Когда мой сектор закрывали, а я отказался писать челобитную в ЦК, чтобы чуть продлить его существование, я уже знал: если хочешь быть независимым человеком, за это надо платить. И в диссидентские времена я знал, что, если я в общем ряду диссидентов, это не означает согласия с каждым. Ныне я утвердился в своем праве и возможности быть аутсайдером. Полагаю, малые группы людей нужны нашему роду, чтобы остаться родом человеческим. И аутсайдеры показаны мысли, чтобы та оставалась мыслящей. Я не избирал себе амплуа, просто иначе я не могу. В данный момент я переживаю сильный внутренний кризис — то ли зажился, то ли еще раз пора все начинать с начала? Я не сторонник клоунад и политических фраз ради фраз, но у меня есть чувство ответственности и за то, к чему я не причастен. Какая-то моя жизнь кончилась в ночь с 4 на 5 октября 1993 года. Стреляли не в меня, а попали в меня, человека и историка. Кое-что теперь я должен выговаривать иначе. А может быть, и иначе думать.

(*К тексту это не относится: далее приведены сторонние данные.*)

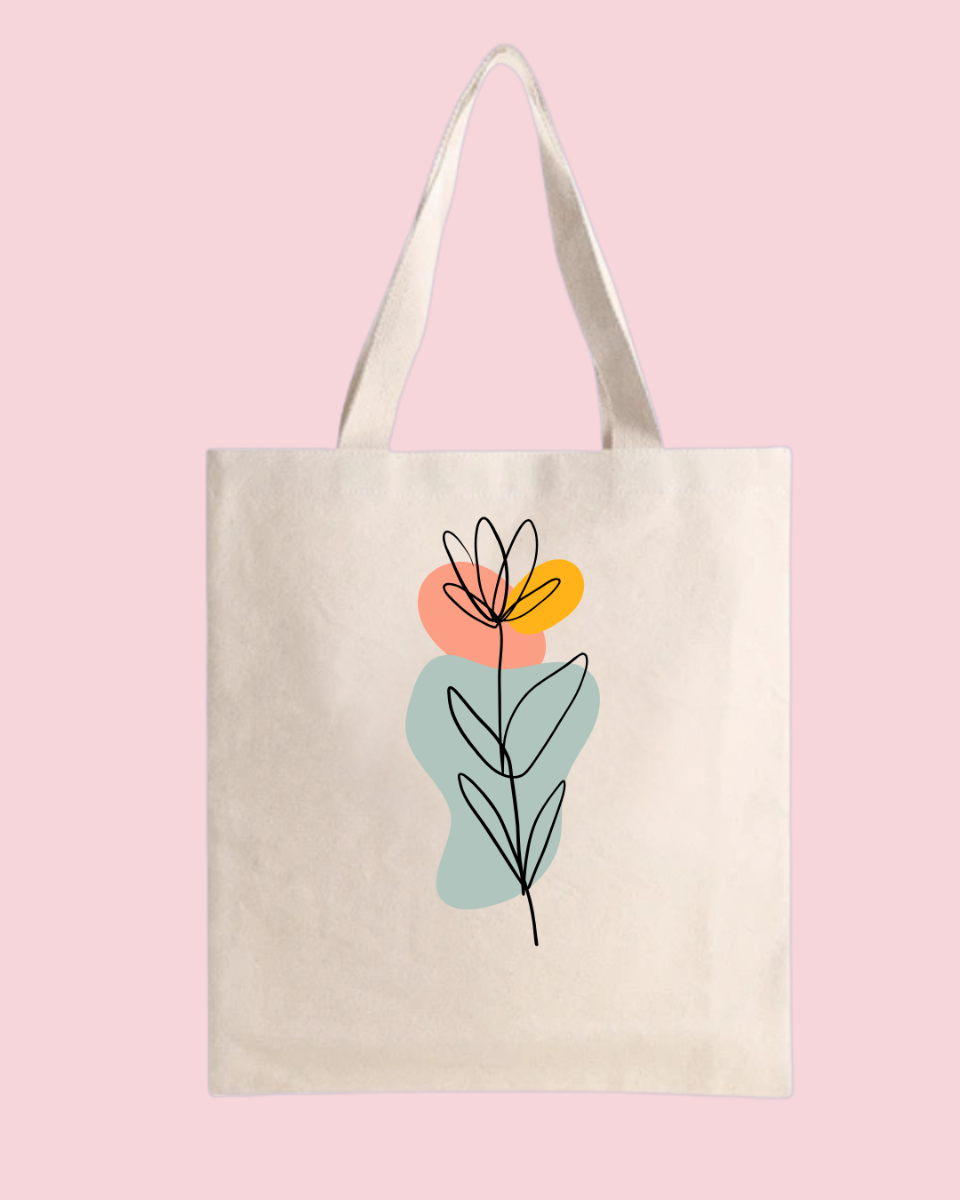 bolsa de manta tote bag con flor trazada y detalles verde rosa y naranja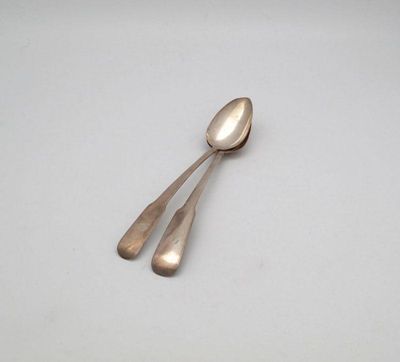 Appraisal: Two similar George III Irish silver fiddle pattern basting spoons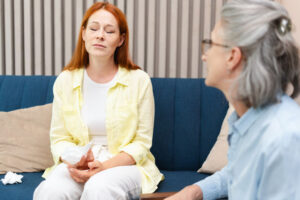 A woman is struggling with OCD postpartum and is receiving treatment from a therapist.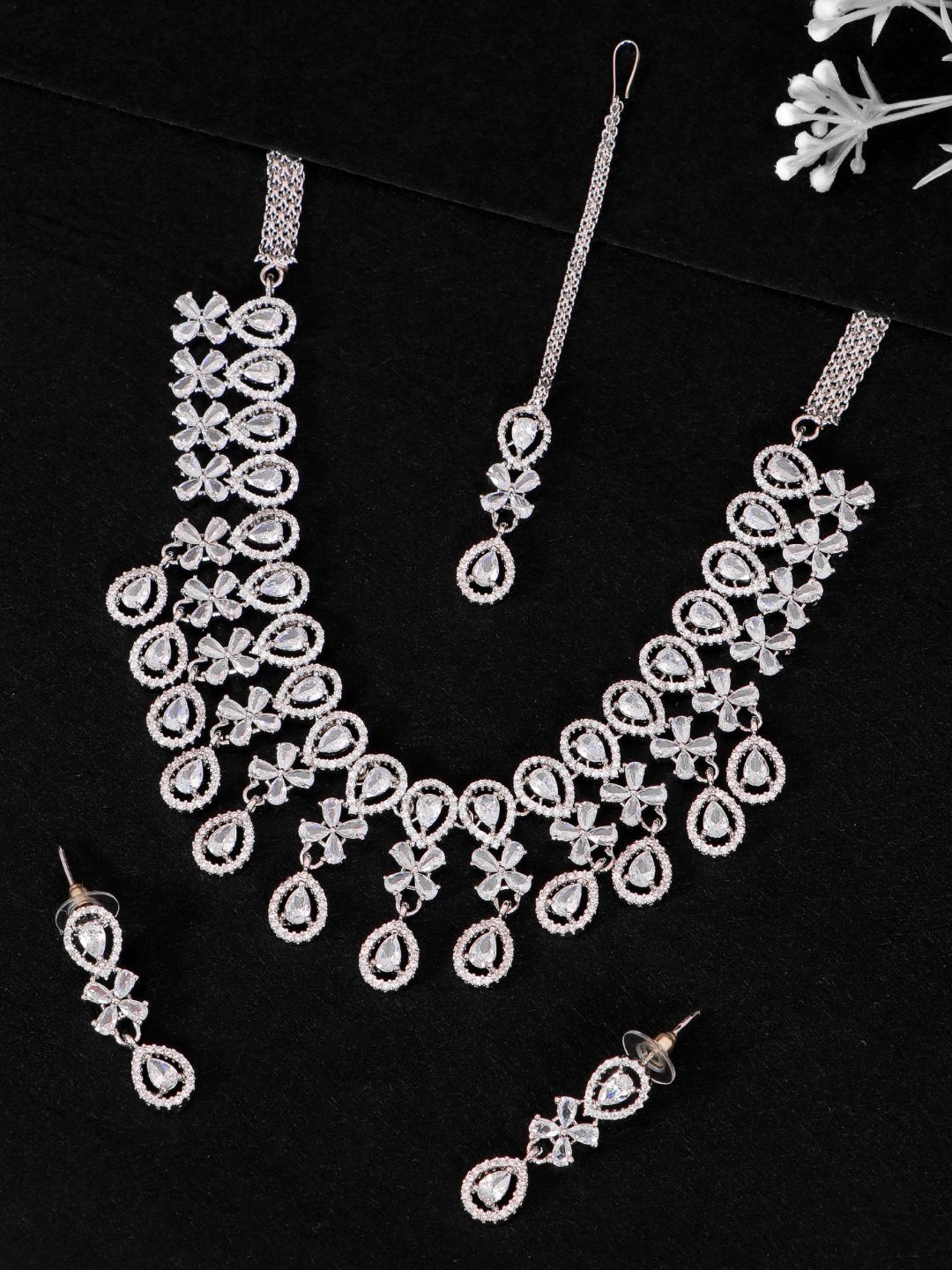 

SwaDev Women Silver-Plated White AD-Studded & Beaded Jewellery Set With Maang Tika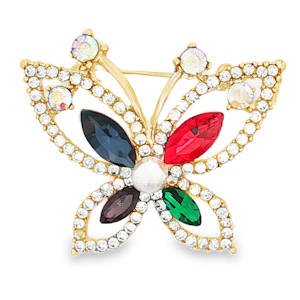 Sublime broche papillon en métal doré, ornée de pierres scintillantes multicolores et d'une perle centrale cabochon. Ce bijou délicat apportera une touche de fantaisie et d'élégance à vos tenues. Un accessoire raffiné pour sublimer votre style.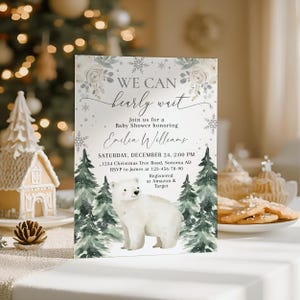 The image is a baby shower invitation featuring a polar bear and a snowy forest scene, with a white background and a festive, wintery theme.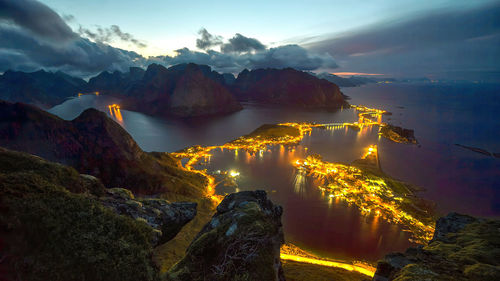 High angle view of townscape by sea against sky during sunset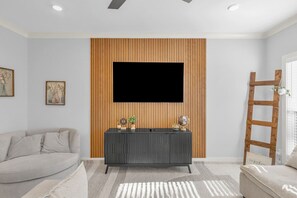 Un salon avec un téléviseur à écran plat fixé sur un mur recouvert de panneaux en bois, une console de couleur foncée agrémentée d’objets décoratifs, un canapé de couleur claire et une échelle en bois appuyée contre le mur.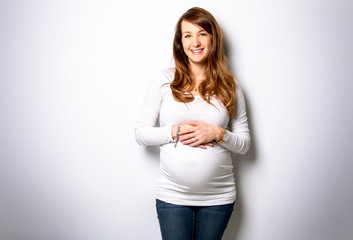 A Portrait of adorable pregnant woman in white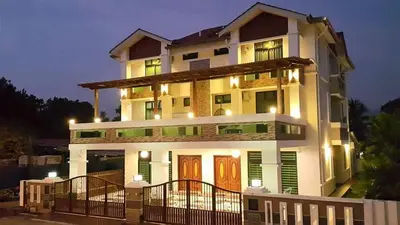 a large white house with a fence in front of it at Woon Homestay in Balik Pulau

Часть 1. Теология исторического и ее политика
1. Саморастворение в истории. Мышление вопросами без ответа
— Читателю трудно примириться с твоими текстами, где суждения историка всегда так переплетены с суждениями о себе и личными воспоминаниями.

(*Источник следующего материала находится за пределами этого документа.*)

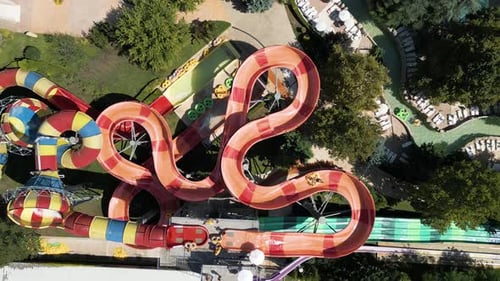 Aerial View of Colorful Twisting Water Slides with People Riding Inflatable Tubes at a Water Park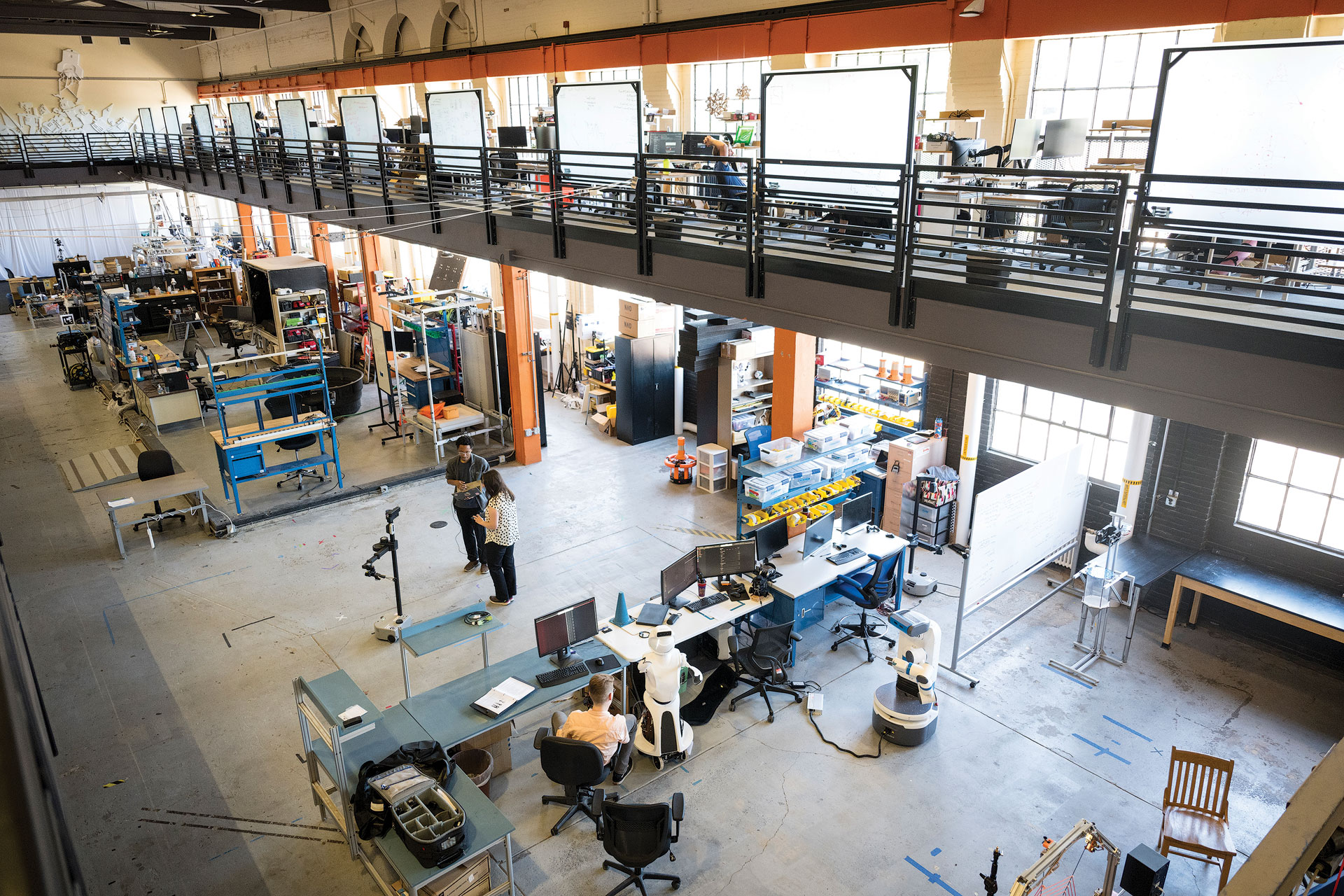 Two researchers standing in the center of a large open-room, multi-story research facility with robotics equipment and desks surrounding them.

— Иногда должно пойти путем, который самому кажется научно незаконным, индивидуалистичным и субъективным. Некий человек я, определенным образом формируясь, вложился до саморастворения в некоторый мир. Мир стал рушиться с легкостью, оскорбительной для саморастворенного в нем существа. Существа, которое принимало все, и ужасное этого Мира, касавшееся самых близких, как цену чего-то абсолютно необходимого всем. Как частность исторического масштаба.
Этим он поощрял себя к поступкам, которые, вообще говоря, имели бы для него плохие последствия; но саморастворение охраняло. Потом вдруг обвал, катастрофа. И катастрофа эта — легковесных отречений, которые видятся ему мнимыми. Происходящее с собой естественно вписано в тот же масштаб, что прежняя самовключенность, и в объяснениях уже нельзя ограничиться чем-то банальным. Он вынужден идти дальше и дальше — пока не дойдет до пределов Мира, в котором действует Homo historicus и который этот Homo создал.

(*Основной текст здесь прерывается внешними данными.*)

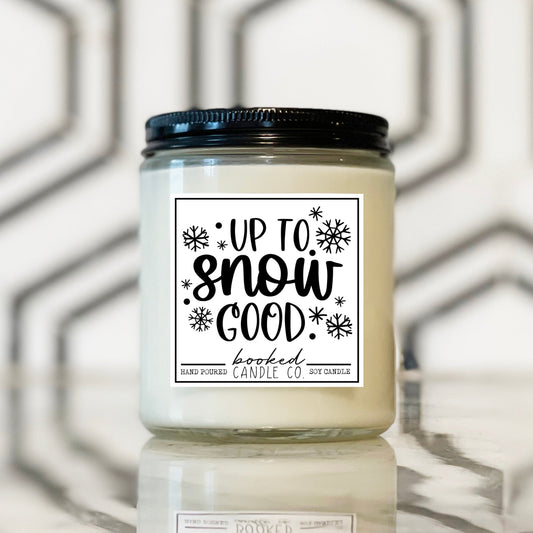 Candle jar with 'Up to Snow Good' label on a reflective surface with geometric background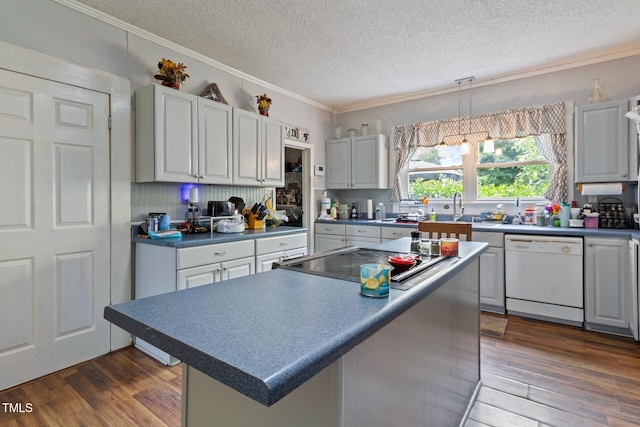 819 Corbin St, Albemarle, NC 28001 - kitchen with white dishwasher, a textured ceiling, dark wood-type flooring, ornamental molding, and a center island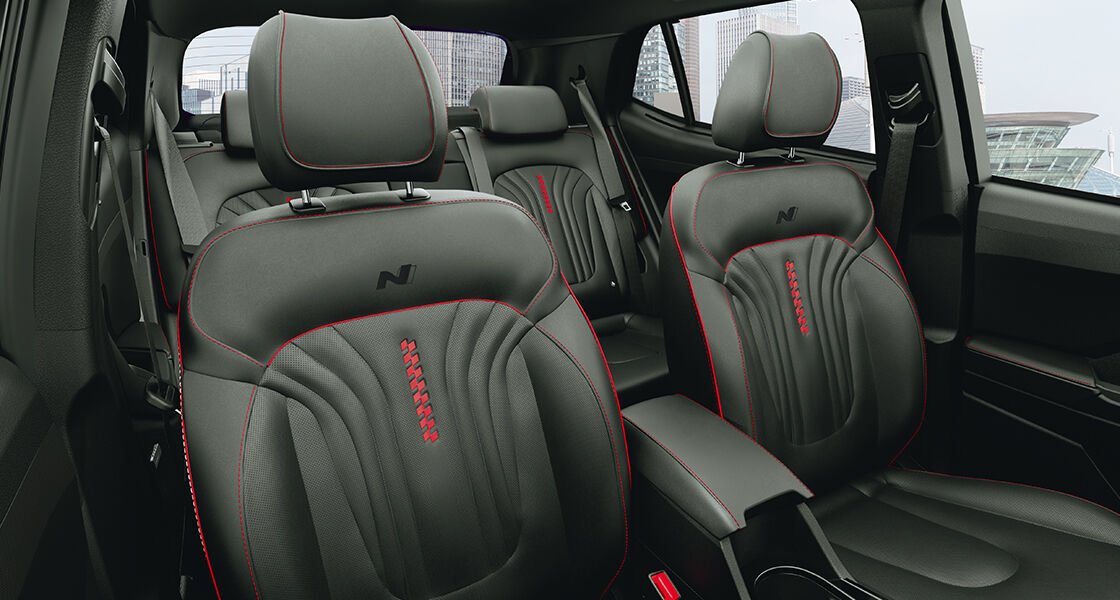 Sporty black interiors with athletic red inserts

Мир рушится, и это возвращает мою мысль к Миру, где человек явился впервые. Миру, который создал его и который им создавался.
Разве это личная трудность? Разве это лишь частное крушение при общем крушении обанкроченной жизни, перед тем еще и опозоренной гнусностями системы? Или это глобальное возмущение, в универсальности которого у меня нет сомнений?
Я долго не умел называть вещи их именами. Путался, искал ответ в пределах речи, которой говорил, — не замечая, что язык мой начал меняться и я уже не смогу писать по-прежнему. Тогда я начинаю импровизированно и все упорней писать иначе. Что по совпадению обстоятельств 1950–1960-х годов — «Всемирная история», сектор методологии Института истории АН СССР и так далее и тому подобное — привело к тому, что у меня меняется весь взгляд на историю. Поначалу еще недотягивая до взгляда на существо истории человека, но в нем начинают главенствовать образы исторических отклонений, все эти евразийские кентавры, Атлантиды Платона и декабристов, Россия Маркса и Ленина.